Gadot juga sukses berat mengimplementasikan keahlian krav maga nya ke dalam sekuen-sekuen aksi Diana. Hand-to-hand combat film ini sangat keren, kebanyakan adalah wide shot yang sangat aktif, dengan koreografi yang, mungkin saja, mengeset standar baru dalam action superhero. Ada sejumlah momen aksi kecil-kecilan, namun aksi gedenya ditawarkan dalam tiga kali kesempatan oleh film ini, satu pada masing-masing babak. Dan setiap kali sekuen aksi itu berlangsung, maaaan, rasanya puas banget. Aku beneran ikut goyang-goyangin pergelangan tangan niruin Diana menangkis peluru di bagian zona perang, persis kayak orang yang masa kecilnya kurang bahagia. Pertempuran kaum Amazon di pantai itu bener-bener instant classic! Karena terlihat sangat berbeda dan baru. Dan tentu saja, intens. Porsi aksi finalnya lumayan berat oleh CGI, namun bisa dimengerti karena Wonder Woman bukanlah manusia normal. Begitu juga dengan musuhnya. Dan lagipula at that point, kita sudah begitu terinvest dan peduli terhadap karakternya, sehingga CGInya yang mirip-mirip final battle di Batman v Superman, kali ini dapat termaafkan.
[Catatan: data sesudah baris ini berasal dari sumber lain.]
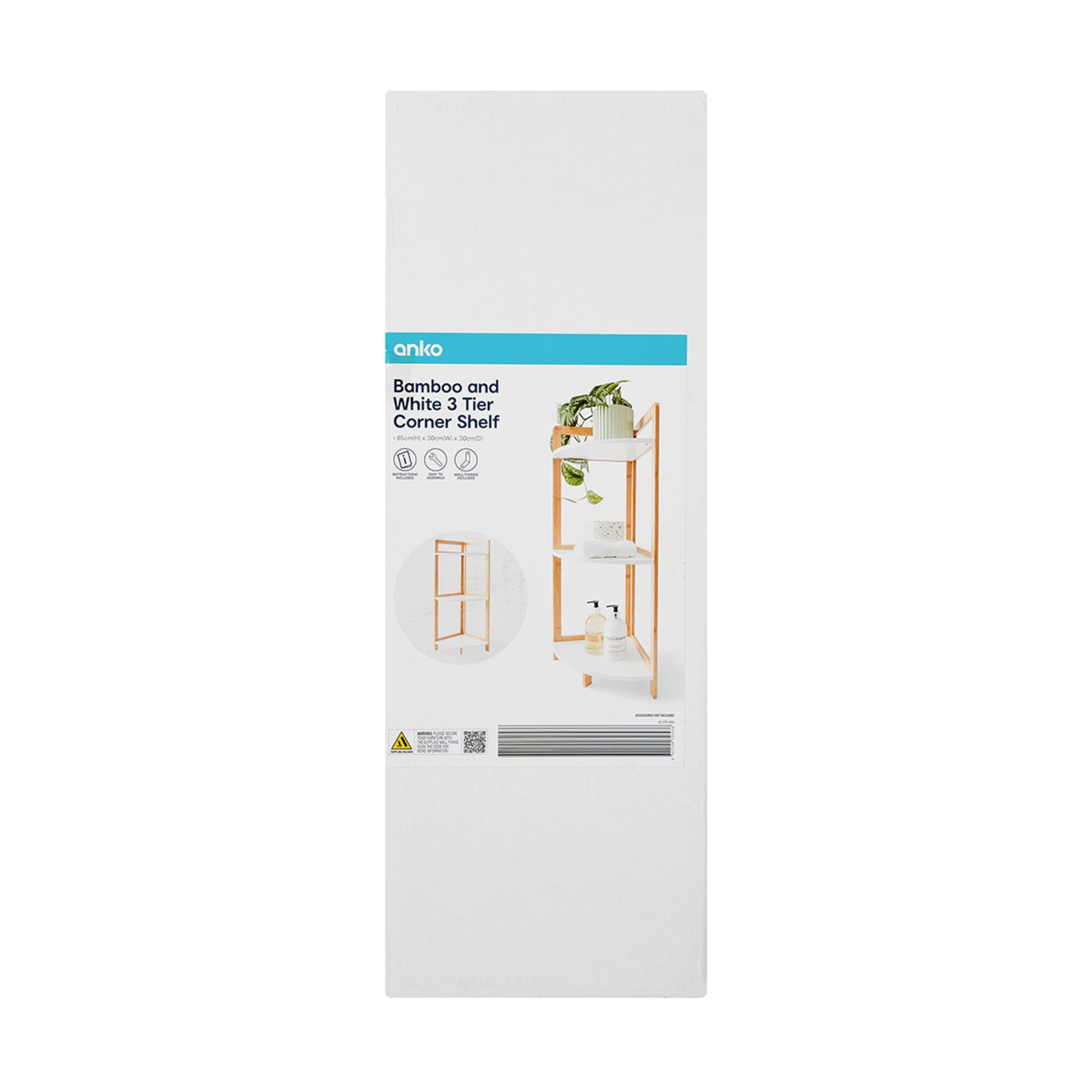 Bamboo and White 3 Tier Corner Shelf Kmart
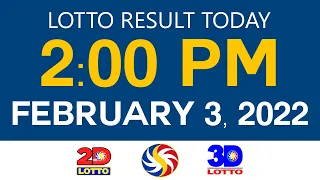 Lotto Results Today February 3 2022 2pm Ez2 Swertres 2D 3D 6D 6/42 6/49 PCSO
and not to be confused sama film lokal jadul Darna Ajaib

 

Bukan hanya Diana yang belajar pelajaran berharga, film ini punya dua tokoh yang belajar di luar ‘kenyamanan’ dunianya. Tadi aku sempat menyinggung soal equality, dan yang kumaksud adalah tokoh Steve Trevor, pria yang terdampar di pulau Diana. Steve adalah peran terbaik kedua dari Chris Pine setelah Hell or High Water (2016). Babak pertama film actually adalah tentang Steve yang belajar tentang dunia dan motivasi Diana. Pria ini sudah lelah berperang, dia ingin menghentikan perang secepatnya dengan sedapat mungkin tidak menjatuhkan lebih banyak korban. Aksinya sekarang terbatas hanya yang mungkin-mungkin saja. Namun kehadiran Diana dan segala desirenya, membuat Steve jadi punya alasan baru untuk percaya, untuk mengambil resiko yang lebih besar. Dia merasa lebih optimis terhadap kemanusiaan, dan terhadap cinta. See, relationship Diana dan Steve adalah sangat compelling. Chemistry keduanya turut terasa genuine. Aku sangat tersentuh di bagan akhir film karena aku sudah begitu peduli. Mereka berdua belajar terhadap masing-masing. And it’s not like, Steve adalah si lemah yang harus diselamatkan. Steve memberikan banyak untuk pengembangan karakter Diana, dan begitupun sebaliknya.

Film ini berani menyisihkan waktu untuk momen-momen kecil, yang tak jarang melibatkan tokoh-tokoh minor. Semuanya demi kepentingan menambah layer dan pengembangan terhadap karakter Diana. Seperti adegan Steve ngajarin Diana berdansa. Jarang loh, ada film superhero yang tipikalnya penuh aksi kayak gini yang mau ngerem sebentar untuk momen-momen kecil yang sebenarnya merefleksikan luka, yang membiarkan tokohnya menjadi manusia biasa. Tapi dalam film ini, bukan hanya adegan tersebut exist, namun juga berarti banyak untuk karakter mereka. Dan membuat relationship keduanya jauh lebih terflesh out. Bahkan tokoh jahatnya diberikan cerita dan motivasi yang membantu karakter Diana lebih jauh.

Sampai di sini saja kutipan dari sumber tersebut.